A 383 is a 350 block bored 0.030" over for a 4.030 diam. bore, with a crank using the 3.75" stroke from a 400 cu. in. The combination requires custom pistons to accommodate the longer 3.75" stroke to keep the pistons from popping out of the top of the block. There is an alternative to the 5.7" rod and pistons made for a 383, but we'll discuss the more common approach first. The custom pistons move the piston pin up in the piston to make the right height from the small end of the rod to the top of the piston. When I say custom pistons, I really mean "after-market" pistons as the 383 piston is so common that it is a shelf stock item, just not a GM produced part. This is such a common combination that all of the after-market piston makers and mail order parts houses are stocking the 383 piston in many configurations. Here is a link to JE Pistons / SRP and you can look up most any configuration you might want. http://www.srp.com/ (Look under "pro series" and log in as a guest)
One drawback to the piston configuration is the ring placement.
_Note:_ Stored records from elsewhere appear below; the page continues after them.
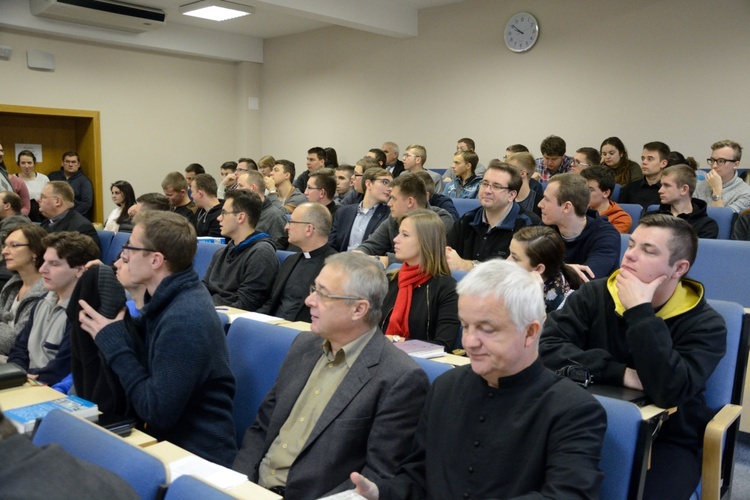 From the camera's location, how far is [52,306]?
2945 millimetres

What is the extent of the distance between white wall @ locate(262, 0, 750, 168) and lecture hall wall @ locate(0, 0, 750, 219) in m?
0.01

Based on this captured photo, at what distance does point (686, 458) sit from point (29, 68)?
9348mm

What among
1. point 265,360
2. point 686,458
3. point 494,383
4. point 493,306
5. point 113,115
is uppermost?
point 113,115

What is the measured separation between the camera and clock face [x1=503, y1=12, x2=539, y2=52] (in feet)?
25.0

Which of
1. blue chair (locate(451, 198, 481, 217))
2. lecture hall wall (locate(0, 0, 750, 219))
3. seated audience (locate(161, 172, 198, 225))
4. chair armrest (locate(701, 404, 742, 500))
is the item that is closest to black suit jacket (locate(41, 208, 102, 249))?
seated audience (locate(161, 172, 198, 225))

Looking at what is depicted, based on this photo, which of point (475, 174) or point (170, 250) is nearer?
point (170, 250)

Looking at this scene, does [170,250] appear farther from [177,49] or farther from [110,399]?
[177,49]

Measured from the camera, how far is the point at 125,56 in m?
9.86

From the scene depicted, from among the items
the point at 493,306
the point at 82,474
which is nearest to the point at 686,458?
the point at 493,306

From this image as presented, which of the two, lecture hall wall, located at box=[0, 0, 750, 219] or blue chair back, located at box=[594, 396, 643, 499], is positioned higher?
lecture hall wall, located at box=[0, 0, 750, 219]

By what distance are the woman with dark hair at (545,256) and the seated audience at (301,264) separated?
1.34 meters

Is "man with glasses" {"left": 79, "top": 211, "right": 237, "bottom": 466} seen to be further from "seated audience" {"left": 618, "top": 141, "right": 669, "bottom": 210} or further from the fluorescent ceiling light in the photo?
the fluorescent ceiling light

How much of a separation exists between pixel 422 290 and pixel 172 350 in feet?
4.14

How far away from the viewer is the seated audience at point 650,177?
574 centimetres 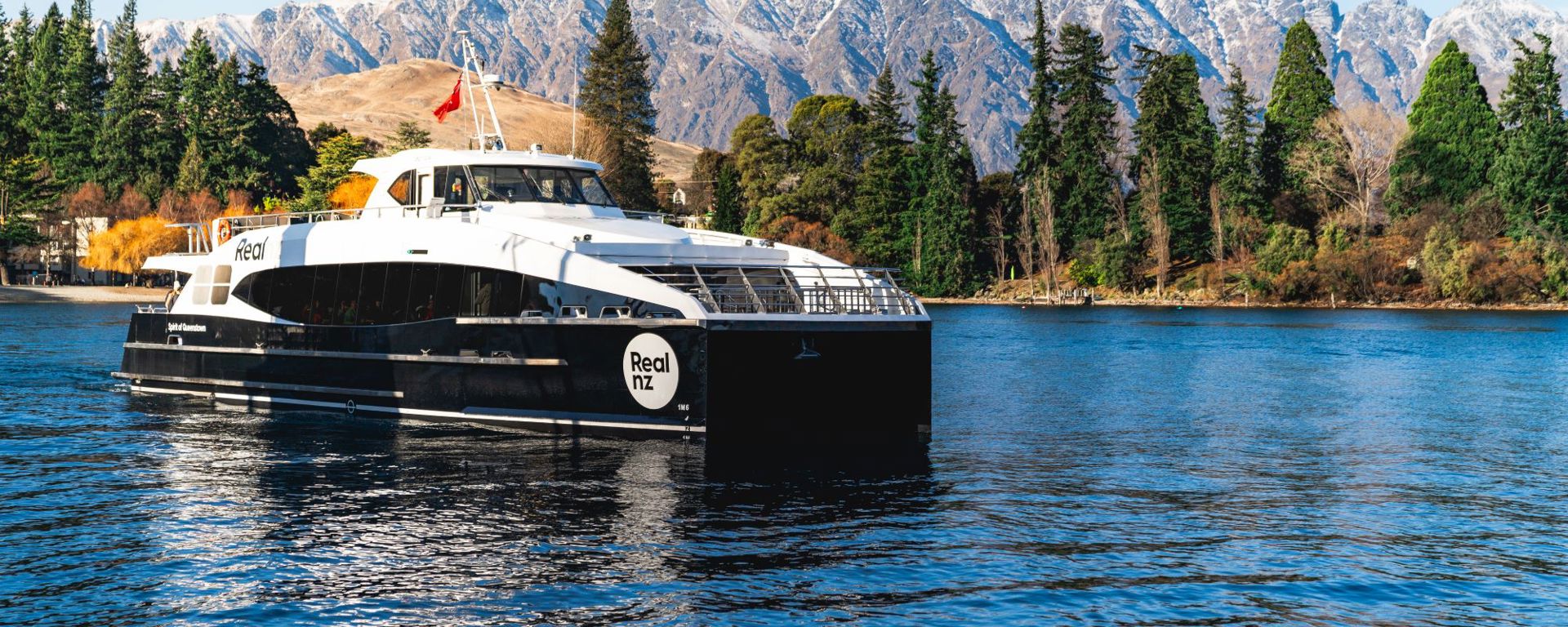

With the pin moved up, there is less room for rings so they have to squish the 3 ring lands into a smaller area, this leaves the piston a little unstable and under high loads or in a loose bore, they will rock a little allowing compression to squeeze by and oil to migrate into the combustion chamber. You should have the pistons in hand when you take the block to the machine shop so they can match the bore to each piston. Use a very reputable machine shop with a power hone and torque plates to get the best fit recommended by the piston manufacturer.
Here's the first rule of mechanical relationships, and it applies to the 383 more than any other: "opposing components attempting to occupy the same space at the same time,, usually wind up occupying adjoining space at the bottom of the oil pan"
The easiest way to build a 383 is to use a stock rod length (5.7") This will require the least modifications to the block. The 3.75" stroke of the crank just doesn't fit into the 350 block. You will have to grind on the bottom of the bores and the pan rails to clear the larger counterweights and stroke. Make sure you have AT LEAST 0.030" clearance between the reciprocating assembly and the block. As I said, this has become such a common thing that most good machine shops know what and where and how much to remove. Rods are available that have had the rod bolt relocated or ground on to provide the necessary clearance. Some rods do not address the clearance problem so be careful with that selection. I have heard of guys who clearanced the block and completely assembled the bottom end, then when they stuck a very high lift cam in the block, the rod bolts hit the cam lobes. Needles to say, everything had to come out and taken apart for grinding on the rods. Some after-market rods use 12 point cap screws instead of bolts and nuts and are very well suited to the long stroke small block. There is an option to this, you could use a small lift or small base circle cam and high ratio rockers to achieve the desired valve lift.
The last item of major concern is the crankshaft. The common 383 crank is a 400 crank with the journals ground down to the size of the 350 mains. The problem with this is the weak cast 400 crank. The 383 is a real torque monster and the cast crank will work,,,but,,, you are putting a lot of money into this thing, do you really want to have it depend on a weak crank. Many quality forged after-market crankshafts are available which are tailored to the 383 application. Although they represent a considerable investment, they also should be considered cheap engine life insurance.
The 383 can be internally balanced (like your 350) or external balance as the 400 crank was intended. KNOW which your assembly was intended for and match the harmonic balancer and flywheel / flex plate to the balance. Internal balancing the 383 represents a considerable expense if you are using a cast crankshaft. The amount of work necessary may exceed $200 or $300. There comes a point of diminishing returns where a forged crank intended for internal balancing is more cost effective.